You had the prettiest mom on TV. Who gave you advice on that show?
[Laughs] That’s right! Colleen Zenk, that’s right! She was very much a “mom” to me. She was a caregiver, just lovely. The person on the show who gave me the best advice was Roger. He’d say to me, “Save your money, kid!” That was his advice!
You left ATWT in 2008 to venture off into other genres, but then came back for a few months after it was announced that the show was going off the air in 2010.

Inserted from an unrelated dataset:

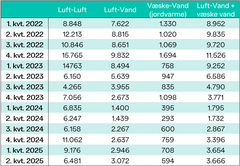 Antallet af solgte varmepumper fordelt på type og kvartaler. Kilde: Energistyrelsen/TEKNIQ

I did. I came back after being gone for a few years. I had no hesitation about doing that. I felt very grateful to [ATWT]. When I was on ATWT, our audience was dwindling. The show was on for 54 years! I was so grateful to have been a part of that era of television. It was something special to be a part of it, especially at the end.

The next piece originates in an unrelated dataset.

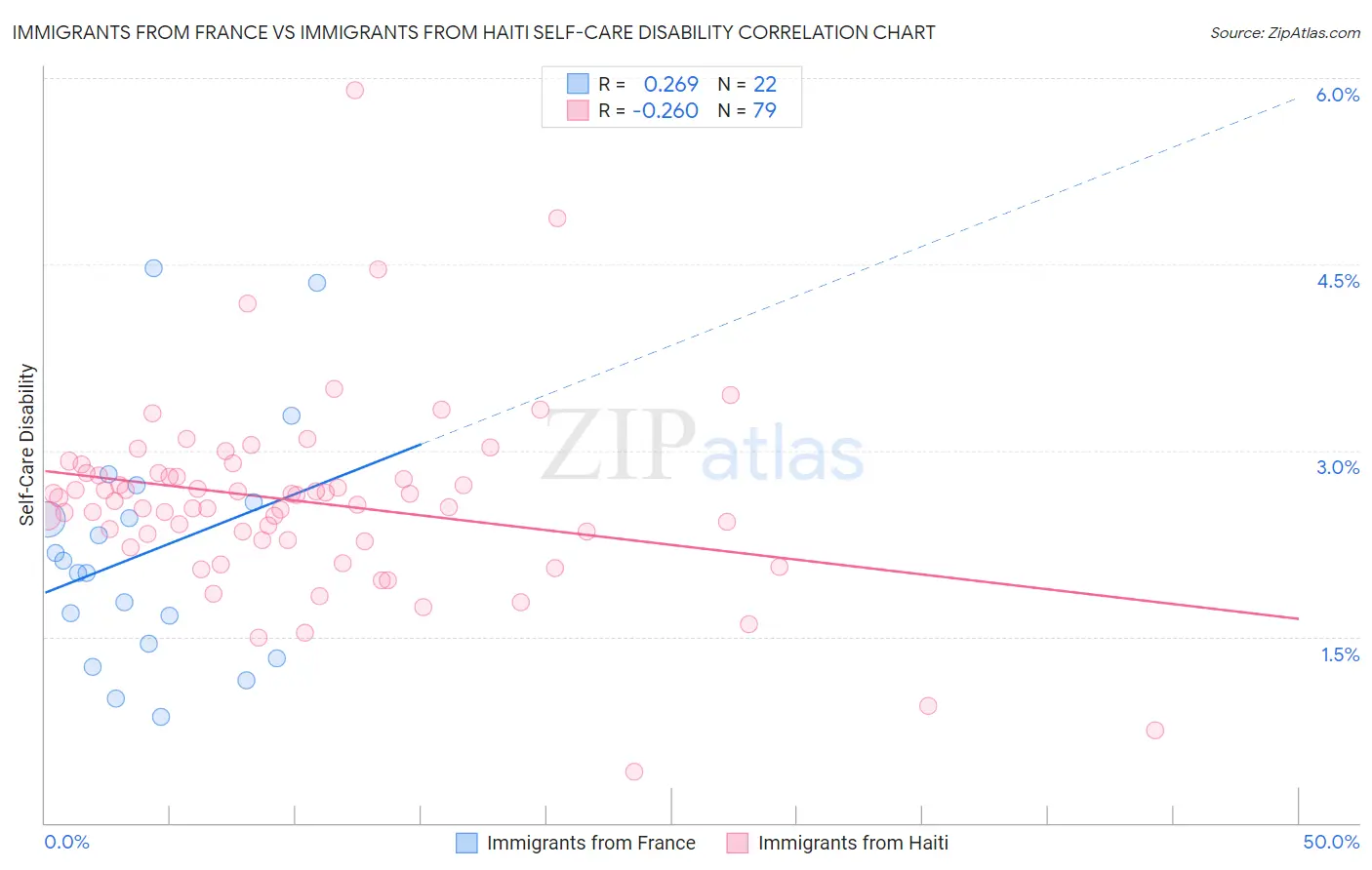Immigrants from France vs Immigrants from Haiti Self-Care Disability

An even earlier credit was your turn as Bobby Brady in two Brady Bunch movies. Do you still get checks for those?
I do – I think for, like, 12 cents!
What are your memories from taking part in those iconic spoofs and had you watched the original series in reruns?

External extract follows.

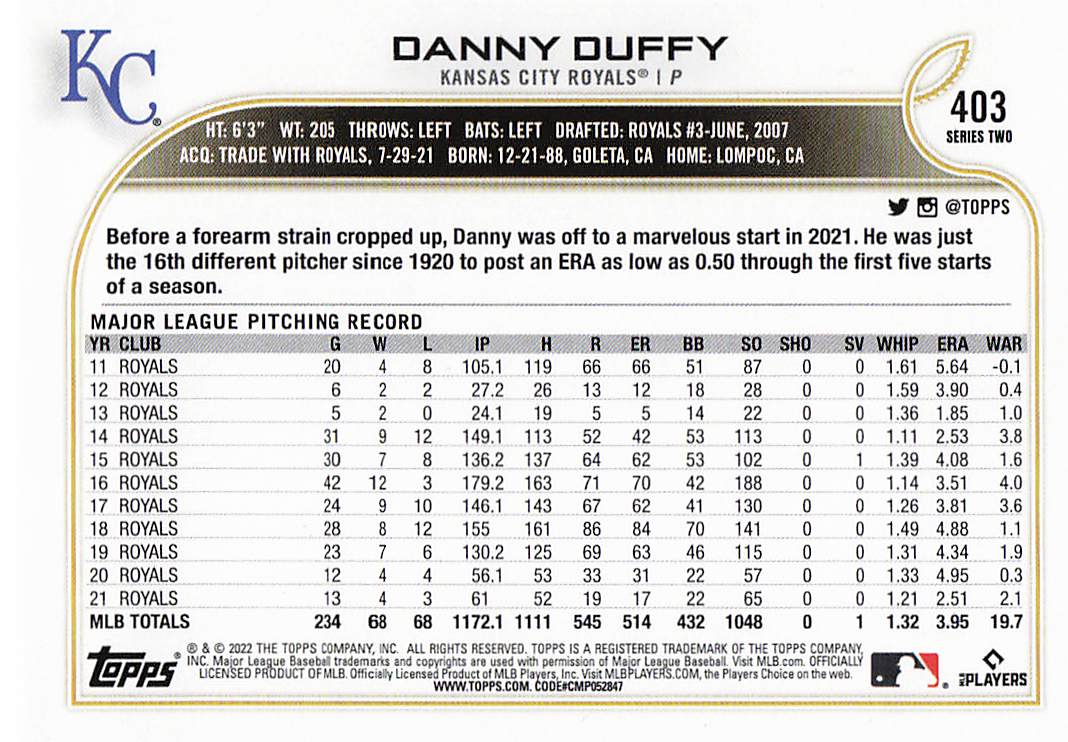 2022 Topps Baseball Danny Duffy #403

I had watched them, and I have good memories of being in those movies. We were [spoofing] the Brady Bunch in the films, placing them in the [then] modern era of teenage problems and all their angst. I loved the cast. We had such a great time.
Gary Cole [who played Mike Brady, Bobby’s dad] was just on Chicago Fire [as Carl Grissom]. I worked with him. I said, “Gary, I’m Jesse Lee from the Brady Bunch movies” and he asked me who did I play. I said, “Bobby.” He [joked], “Jesse if you look like this, I should be dead!” He was awesome! It was a great experience to work with actors like him and Shelley Long [who played Cheryl Brady] when I was younger.
Do you like doing the Chicago P.D., Chicago Fire, and Chicago Med crossovers?
I do. They’re great for the fans, the audience, and for ratings. We love seeing the fans’ response to them. Logistically, it’s a nightmare for [production and schedulers]. To write and create, essentially, this three-hour movie. Doing them is like guerilla warfare. These guys are filming over there, another in another place. Somehow, it all comes together. It’s pretty cool to be a part of and it’s pretty magical.